(Data items)

<<<<

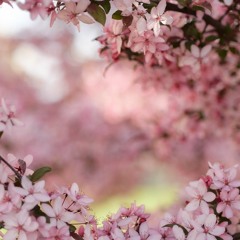 Blossoms- $coota pain x Flinestoner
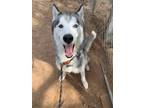 Adopt Juneau a White - with Gray or Silver Husky / Mixed dog in Cedar Creek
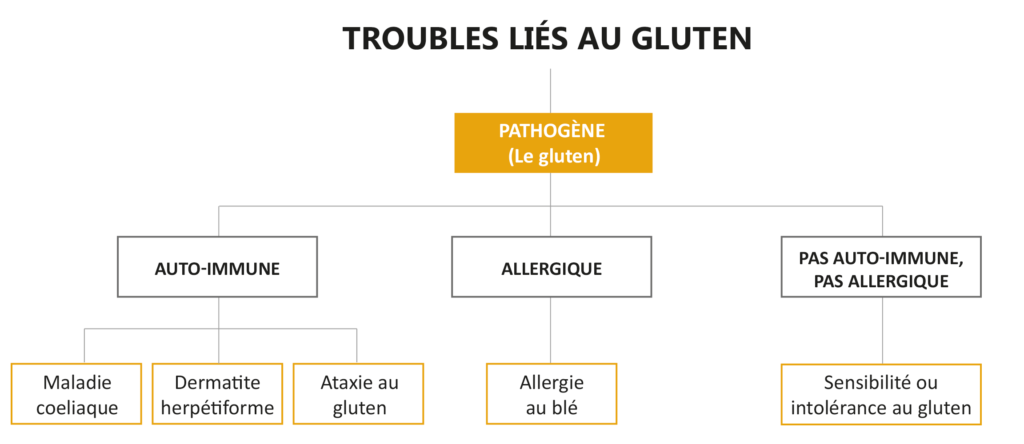 Graphique des troubles liés au gluten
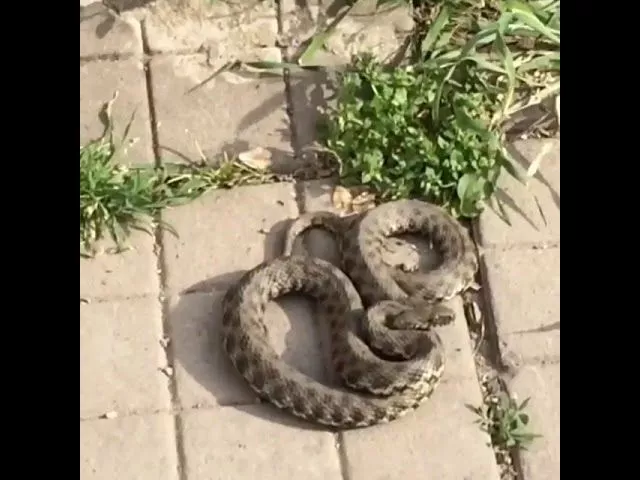 Краснодарцы засняли змею на видео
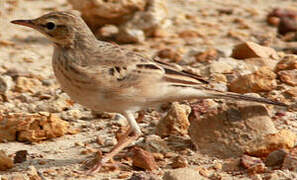 Tawny Pipit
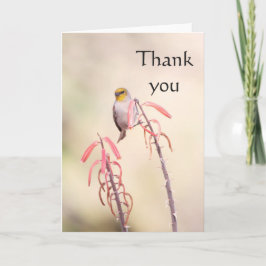 Verdin gick på penstemon, tack kort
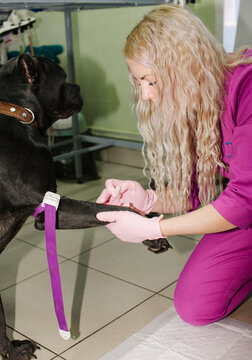 the vet takes a blood test from the dog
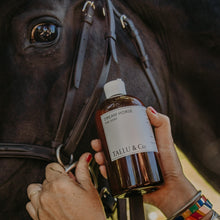 Load image into Gallery viewer, Dream HORSE
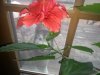 Hibiscus.jpg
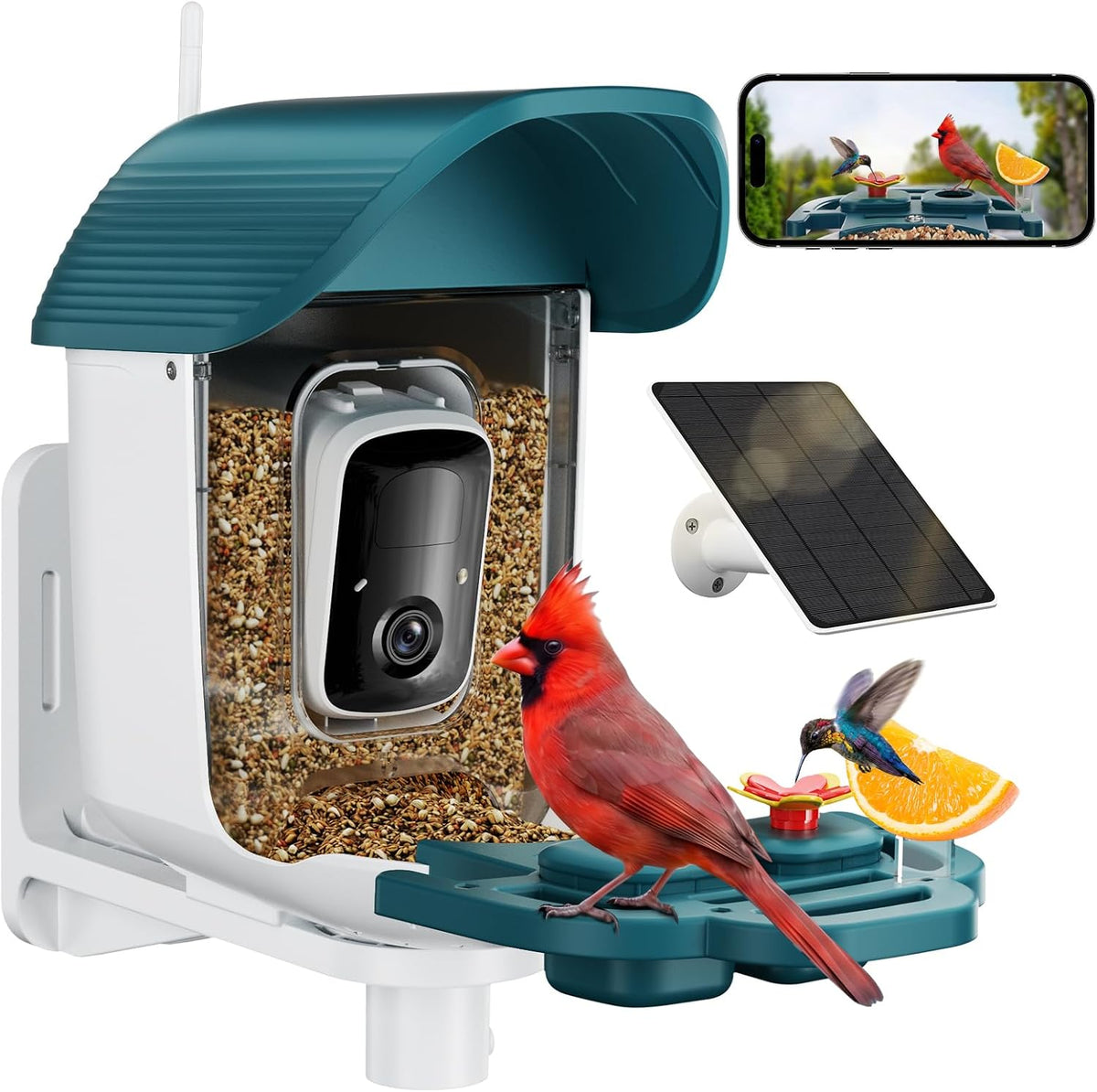 Bird Feeder with Camera Solar Powered, 2K HD Birds Feeder Camera for Outdoors, Instant Motion Detection & Alerts, AI Smart Identify Birds Species, Gifts for Mom Dad and Bird-Lovers(Cyan-Blue)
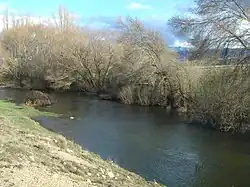 El Adaja a su paso por el valle de Amblés a 10 km de su nacimiento.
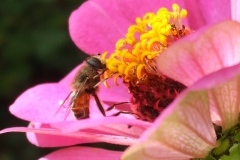 Zinnia met bij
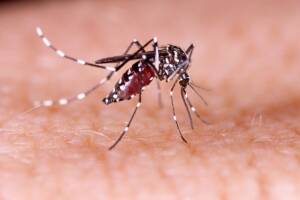 puntura di zanzara sulla pelle
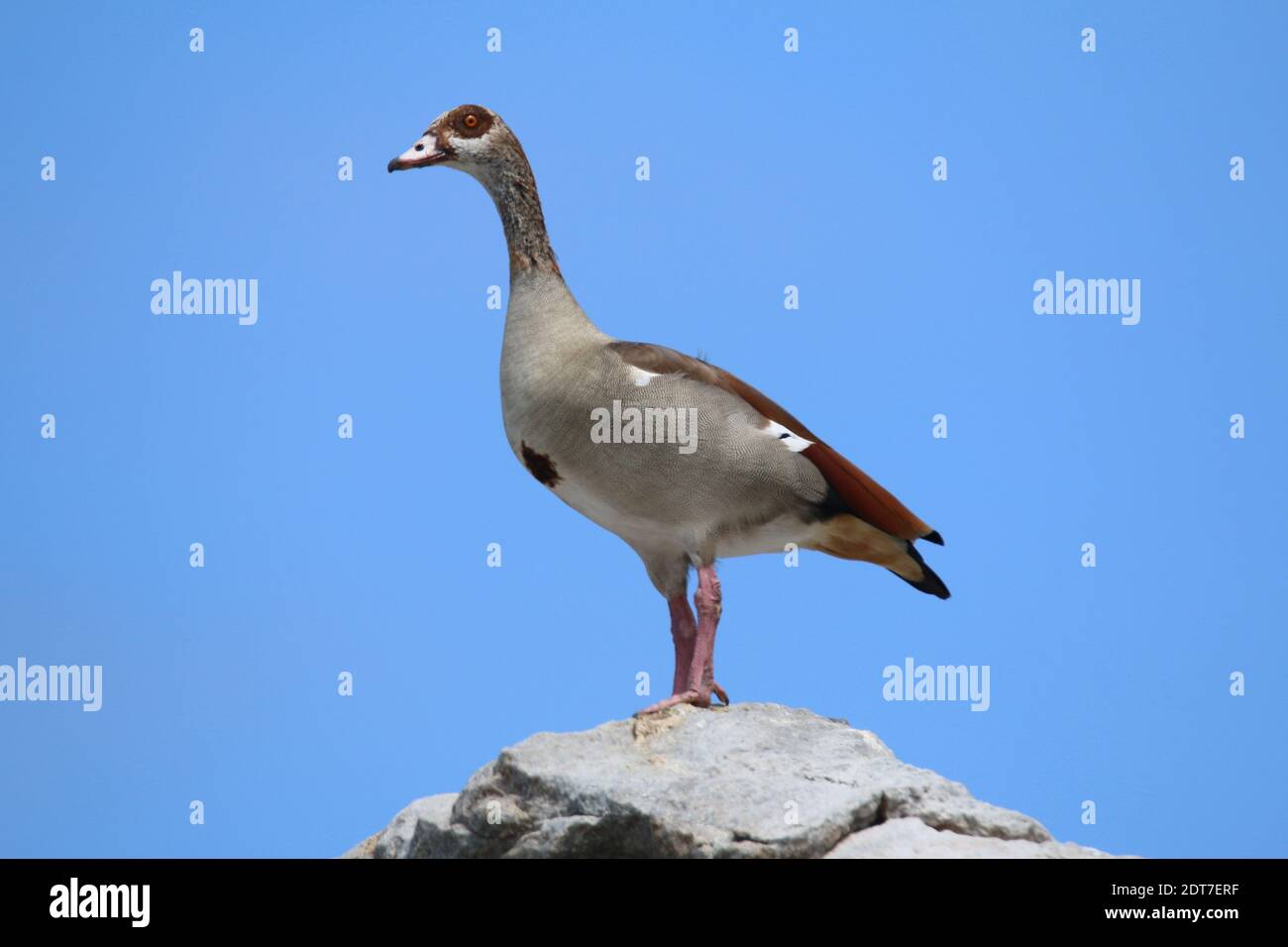 Egyptian goose (Alopochen aegyptiacus), peering from a small hill, side view, South Africa Stock Photo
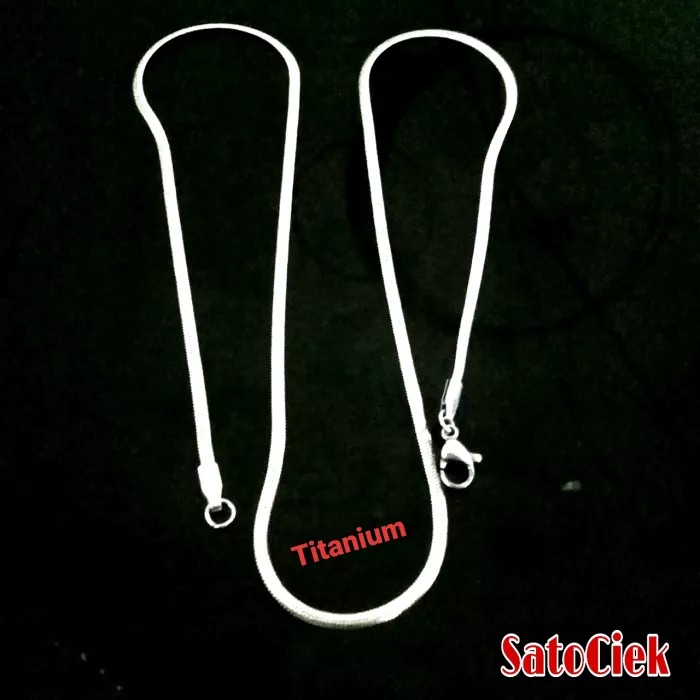 Jual Gantry Kalung Titanium Belut Gepang Anti Karat Selamanya Shopee Indonesia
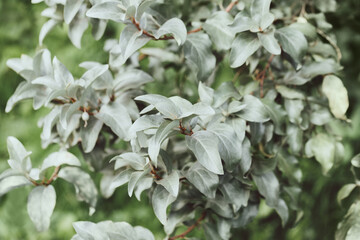 Closeup of the silver leaves of elaeagnus commutata shrub. Silverberry, rabbitberry background.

>>>>

# Exercise details:
Please output every entry above exactly, without the pictures.

# Finished task:
 Blossoms- $coota pain x Flinestoner
 Adopt Juneau a White - with Gray or Silver Husky / Mixed dog in Cedar Creek
 Graphique des troubles liés au gluten
 Краснодарцы засняли змею на видео
 Tawny Pipit
 Verdin gick på penstemon, tack kort
 the vet takes a blood test from the dog
 Load image into Gallery viewer, Dream HORSE
 Hibiscus.jpg
 Bird Feeder with Camera Solar Powered, 2K HD Birds Feeder Camera for Outdoors, Instant Motion Detection & Alerts, AI Smart Identify Birds Species, Gifts for Mom Dad and Bird-Lovers(Cyan-Blue)
 El Adaja a su paso por el valle de Amblés a 10 km de su nacimiento.
 Zinnia met bij
 puntura di zanzara sulla pelle
 Egyptian goose (Alopochen aegyptiacus), peering from a small hill, side view, South Africa Stock Photo
 Jual Gantry Kalung Titanium Belut Gepang Anti Karat Selamanya Shopee Indonesia
 Closeup of the silver leaves of elaeagnus commutata shrub. Silverberry, rabbitberry background.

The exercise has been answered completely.